As depicted in Fig. 1, all of the above assumptions are violated when reconstructing whole-mount histological images. Typically, histological fragments (a) are non-overlapping, since they are cut from a single object; (b) lack completeness as significant tissue loss can occur during pathological processing; and (c) do not interlock, since uneven warping and tissue loss during processing renders boundary contours too dissimilar to match reliably. Further, tissue processing of whole-mount prostates involves quartering and sectioning of a tissue block. This could potentially lead to variable slice depths and orientations between the tissue fragments that are supposed to lie on the same plane15. This further exacerbates the lack of interlock, completeness and overlap between these tissue fragments.

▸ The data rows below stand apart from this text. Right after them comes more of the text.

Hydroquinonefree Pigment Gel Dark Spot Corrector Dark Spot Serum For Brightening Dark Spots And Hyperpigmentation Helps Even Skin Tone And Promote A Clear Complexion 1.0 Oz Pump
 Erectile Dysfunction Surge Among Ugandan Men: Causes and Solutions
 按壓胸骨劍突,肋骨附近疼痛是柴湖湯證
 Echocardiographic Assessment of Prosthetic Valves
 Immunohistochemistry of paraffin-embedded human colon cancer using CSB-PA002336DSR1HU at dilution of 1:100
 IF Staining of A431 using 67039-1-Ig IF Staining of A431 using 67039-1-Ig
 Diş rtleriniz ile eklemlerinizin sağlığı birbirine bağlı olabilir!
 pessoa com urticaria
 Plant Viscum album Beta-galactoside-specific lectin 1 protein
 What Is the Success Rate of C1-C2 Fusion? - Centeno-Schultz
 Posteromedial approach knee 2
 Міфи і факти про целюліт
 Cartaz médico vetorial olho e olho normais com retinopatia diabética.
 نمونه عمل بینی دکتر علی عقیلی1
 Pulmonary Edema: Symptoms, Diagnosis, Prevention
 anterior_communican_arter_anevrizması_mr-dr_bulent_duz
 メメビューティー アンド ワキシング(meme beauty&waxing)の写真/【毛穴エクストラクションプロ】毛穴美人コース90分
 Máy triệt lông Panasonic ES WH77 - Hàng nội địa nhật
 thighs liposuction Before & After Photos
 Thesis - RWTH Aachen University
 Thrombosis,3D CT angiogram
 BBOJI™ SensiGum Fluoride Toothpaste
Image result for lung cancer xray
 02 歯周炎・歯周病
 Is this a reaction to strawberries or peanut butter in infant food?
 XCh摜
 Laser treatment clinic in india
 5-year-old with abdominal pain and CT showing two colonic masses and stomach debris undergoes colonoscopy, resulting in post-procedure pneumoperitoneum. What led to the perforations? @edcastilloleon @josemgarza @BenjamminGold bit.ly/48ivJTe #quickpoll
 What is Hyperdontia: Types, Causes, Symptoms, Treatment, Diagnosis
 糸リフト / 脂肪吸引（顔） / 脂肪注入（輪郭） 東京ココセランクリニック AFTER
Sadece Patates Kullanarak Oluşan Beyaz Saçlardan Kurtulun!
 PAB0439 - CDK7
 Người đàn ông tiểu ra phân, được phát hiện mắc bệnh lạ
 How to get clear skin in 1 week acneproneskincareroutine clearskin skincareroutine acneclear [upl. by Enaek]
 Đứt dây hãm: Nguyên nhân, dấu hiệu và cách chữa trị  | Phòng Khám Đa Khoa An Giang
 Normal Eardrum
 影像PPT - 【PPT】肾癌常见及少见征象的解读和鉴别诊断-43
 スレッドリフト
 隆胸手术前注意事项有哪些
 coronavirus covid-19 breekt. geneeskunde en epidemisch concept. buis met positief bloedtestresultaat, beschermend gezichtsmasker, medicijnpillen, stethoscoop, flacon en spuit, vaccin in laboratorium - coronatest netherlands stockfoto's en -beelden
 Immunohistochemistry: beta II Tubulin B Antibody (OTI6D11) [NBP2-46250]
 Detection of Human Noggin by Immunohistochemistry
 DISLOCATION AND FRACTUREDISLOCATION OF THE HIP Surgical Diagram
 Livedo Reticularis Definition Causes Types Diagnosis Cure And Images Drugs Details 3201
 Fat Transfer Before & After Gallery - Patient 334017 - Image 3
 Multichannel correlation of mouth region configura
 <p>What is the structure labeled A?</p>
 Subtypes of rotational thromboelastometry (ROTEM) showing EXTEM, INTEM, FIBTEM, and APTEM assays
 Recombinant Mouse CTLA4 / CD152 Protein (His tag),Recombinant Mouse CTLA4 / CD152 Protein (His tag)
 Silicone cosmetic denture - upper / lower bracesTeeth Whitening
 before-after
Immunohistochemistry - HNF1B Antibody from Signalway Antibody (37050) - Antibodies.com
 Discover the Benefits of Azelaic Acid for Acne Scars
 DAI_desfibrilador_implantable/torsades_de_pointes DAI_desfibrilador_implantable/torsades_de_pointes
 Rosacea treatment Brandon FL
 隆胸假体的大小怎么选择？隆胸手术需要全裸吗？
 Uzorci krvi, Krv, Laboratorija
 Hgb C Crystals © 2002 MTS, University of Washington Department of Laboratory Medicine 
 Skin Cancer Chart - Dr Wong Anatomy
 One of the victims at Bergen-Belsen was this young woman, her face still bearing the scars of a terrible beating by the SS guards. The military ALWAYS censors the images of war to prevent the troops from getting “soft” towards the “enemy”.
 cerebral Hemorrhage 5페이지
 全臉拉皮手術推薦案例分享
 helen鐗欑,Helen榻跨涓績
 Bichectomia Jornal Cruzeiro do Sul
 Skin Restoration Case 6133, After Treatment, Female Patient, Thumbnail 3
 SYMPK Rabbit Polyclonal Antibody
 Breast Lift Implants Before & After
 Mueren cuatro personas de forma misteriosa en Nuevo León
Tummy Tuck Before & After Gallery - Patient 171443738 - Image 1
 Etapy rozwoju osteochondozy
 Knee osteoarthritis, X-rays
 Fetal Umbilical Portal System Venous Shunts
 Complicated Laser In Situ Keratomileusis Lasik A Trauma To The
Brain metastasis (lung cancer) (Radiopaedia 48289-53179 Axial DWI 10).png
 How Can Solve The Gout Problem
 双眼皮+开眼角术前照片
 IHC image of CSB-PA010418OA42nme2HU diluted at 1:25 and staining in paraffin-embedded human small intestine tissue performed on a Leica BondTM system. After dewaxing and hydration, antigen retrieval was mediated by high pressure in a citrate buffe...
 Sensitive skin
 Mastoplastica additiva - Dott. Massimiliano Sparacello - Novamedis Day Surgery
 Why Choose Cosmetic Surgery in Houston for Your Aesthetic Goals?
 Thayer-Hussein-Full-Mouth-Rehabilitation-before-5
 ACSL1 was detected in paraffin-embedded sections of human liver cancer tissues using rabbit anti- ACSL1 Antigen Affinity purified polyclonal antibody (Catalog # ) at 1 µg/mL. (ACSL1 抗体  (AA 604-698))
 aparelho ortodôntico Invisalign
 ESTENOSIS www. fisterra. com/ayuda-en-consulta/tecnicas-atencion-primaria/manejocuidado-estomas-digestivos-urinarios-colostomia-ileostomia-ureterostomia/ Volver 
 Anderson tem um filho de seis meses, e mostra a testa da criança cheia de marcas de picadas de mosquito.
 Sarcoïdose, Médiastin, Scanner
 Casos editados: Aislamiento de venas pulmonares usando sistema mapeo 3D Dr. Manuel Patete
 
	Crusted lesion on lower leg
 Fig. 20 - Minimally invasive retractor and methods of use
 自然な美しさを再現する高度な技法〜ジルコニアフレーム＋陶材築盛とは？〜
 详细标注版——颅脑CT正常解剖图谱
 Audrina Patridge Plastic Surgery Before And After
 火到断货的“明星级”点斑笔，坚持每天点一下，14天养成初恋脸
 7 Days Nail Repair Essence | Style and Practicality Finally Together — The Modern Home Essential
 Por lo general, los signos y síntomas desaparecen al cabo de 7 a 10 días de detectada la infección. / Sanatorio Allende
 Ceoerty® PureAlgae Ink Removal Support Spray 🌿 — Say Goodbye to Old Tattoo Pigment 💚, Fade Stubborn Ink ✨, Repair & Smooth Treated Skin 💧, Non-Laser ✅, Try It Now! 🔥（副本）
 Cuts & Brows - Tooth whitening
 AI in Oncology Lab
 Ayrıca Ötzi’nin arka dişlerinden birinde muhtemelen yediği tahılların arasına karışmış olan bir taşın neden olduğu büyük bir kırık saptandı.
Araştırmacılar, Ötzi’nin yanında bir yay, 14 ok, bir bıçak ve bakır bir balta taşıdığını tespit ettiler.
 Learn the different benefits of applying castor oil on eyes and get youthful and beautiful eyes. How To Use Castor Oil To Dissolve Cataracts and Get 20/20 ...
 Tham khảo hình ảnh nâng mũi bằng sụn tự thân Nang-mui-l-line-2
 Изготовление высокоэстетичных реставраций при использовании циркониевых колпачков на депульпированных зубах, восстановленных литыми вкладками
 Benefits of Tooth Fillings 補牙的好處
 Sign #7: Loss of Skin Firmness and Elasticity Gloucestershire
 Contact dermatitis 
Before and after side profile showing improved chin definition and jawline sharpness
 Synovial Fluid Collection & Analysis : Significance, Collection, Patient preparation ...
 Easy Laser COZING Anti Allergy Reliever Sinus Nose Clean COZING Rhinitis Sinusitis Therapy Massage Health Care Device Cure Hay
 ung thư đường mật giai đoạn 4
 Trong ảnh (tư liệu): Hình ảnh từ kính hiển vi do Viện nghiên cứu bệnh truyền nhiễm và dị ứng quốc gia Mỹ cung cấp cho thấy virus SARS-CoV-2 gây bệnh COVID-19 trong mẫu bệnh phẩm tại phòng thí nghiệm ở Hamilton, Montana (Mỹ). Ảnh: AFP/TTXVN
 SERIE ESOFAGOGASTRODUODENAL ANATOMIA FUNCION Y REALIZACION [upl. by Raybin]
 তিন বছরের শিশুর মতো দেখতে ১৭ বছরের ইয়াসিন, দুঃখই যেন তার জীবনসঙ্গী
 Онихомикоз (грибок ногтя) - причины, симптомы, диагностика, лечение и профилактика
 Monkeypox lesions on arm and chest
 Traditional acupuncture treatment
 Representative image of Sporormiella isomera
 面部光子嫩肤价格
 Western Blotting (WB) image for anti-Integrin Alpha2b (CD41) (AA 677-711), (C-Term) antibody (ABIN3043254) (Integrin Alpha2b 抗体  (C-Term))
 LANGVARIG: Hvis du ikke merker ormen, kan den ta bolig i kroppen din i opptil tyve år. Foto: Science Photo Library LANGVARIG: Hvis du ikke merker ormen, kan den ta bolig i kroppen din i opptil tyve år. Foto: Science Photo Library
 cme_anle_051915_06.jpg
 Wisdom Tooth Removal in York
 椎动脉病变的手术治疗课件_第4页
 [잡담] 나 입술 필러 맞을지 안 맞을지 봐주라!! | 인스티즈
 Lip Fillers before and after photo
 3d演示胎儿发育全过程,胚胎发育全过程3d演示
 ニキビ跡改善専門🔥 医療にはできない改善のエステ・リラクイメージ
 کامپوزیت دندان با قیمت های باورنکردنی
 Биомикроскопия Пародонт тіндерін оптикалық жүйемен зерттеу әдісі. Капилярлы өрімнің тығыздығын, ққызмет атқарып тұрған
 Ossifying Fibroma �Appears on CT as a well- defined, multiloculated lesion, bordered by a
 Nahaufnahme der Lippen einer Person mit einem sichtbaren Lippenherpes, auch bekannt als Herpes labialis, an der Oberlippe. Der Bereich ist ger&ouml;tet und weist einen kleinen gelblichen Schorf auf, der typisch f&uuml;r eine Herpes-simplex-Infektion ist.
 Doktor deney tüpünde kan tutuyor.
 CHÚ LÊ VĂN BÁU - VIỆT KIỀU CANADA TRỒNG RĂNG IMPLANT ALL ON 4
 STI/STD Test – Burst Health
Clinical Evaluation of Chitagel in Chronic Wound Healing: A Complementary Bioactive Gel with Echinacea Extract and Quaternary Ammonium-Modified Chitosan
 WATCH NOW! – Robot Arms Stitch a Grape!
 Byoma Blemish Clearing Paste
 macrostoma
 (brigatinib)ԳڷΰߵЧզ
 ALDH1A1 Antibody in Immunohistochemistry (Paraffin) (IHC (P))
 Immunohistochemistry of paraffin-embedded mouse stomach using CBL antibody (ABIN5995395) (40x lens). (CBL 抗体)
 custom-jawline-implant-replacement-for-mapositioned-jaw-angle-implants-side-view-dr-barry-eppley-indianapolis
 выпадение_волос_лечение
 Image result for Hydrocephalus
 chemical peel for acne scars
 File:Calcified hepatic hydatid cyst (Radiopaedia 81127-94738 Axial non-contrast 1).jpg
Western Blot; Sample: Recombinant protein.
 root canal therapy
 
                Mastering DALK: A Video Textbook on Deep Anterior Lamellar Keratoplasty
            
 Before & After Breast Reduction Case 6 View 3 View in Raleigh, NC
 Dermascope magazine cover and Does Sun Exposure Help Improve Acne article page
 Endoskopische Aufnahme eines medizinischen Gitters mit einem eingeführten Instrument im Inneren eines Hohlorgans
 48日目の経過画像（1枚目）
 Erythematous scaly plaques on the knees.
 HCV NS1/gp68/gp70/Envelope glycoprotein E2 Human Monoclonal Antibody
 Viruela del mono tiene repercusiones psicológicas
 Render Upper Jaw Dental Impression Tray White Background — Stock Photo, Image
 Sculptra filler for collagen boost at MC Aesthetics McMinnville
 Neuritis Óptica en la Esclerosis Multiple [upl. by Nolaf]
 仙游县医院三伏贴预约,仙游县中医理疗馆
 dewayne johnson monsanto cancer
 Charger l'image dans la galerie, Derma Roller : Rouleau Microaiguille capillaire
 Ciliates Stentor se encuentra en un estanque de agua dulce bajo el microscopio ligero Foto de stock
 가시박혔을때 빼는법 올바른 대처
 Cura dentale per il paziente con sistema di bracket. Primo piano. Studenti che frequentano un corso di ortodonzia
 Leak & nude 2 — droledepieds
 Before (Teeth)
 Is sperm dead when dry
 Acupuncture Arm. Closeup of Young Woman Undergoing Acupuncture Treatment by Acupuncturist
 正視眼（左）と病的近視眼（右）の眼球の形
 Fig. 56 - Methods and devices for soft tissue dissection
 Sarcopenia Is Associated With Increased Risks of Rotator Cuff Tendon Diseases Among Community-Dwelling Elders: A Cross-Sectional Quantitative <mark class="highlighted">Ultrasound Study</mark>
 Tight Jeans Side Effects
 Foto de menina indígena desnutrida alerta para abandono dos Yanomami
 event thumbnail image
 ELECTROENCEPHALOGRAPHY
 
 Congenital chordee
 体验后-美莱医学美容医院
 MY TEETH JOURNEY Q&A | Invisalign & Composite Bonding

AutoStitcher utilizes a novel cost function that does not make any of the three limiting assumptions of (a) overlapping, (b) completeness and (c) interlocking images; as previously presented in image reconstruction literature. Our cost function is inspired by two features humans use to perform manual stitching: (i) alignment of similar tissue regions and (ii) contiguity of the prostate boundary. Tissue region similarity is quantified by grayscale intensity histograms and contiguity of the prostate boundary is quantified by distance between automatically detected points along the boundary of each fragment. AutoStitcher achieves computational efficiency by working hierarchically, utilizing approximate reconstructions performed at lower resolutions to reduce the amount of computation necessary at higher resolutions.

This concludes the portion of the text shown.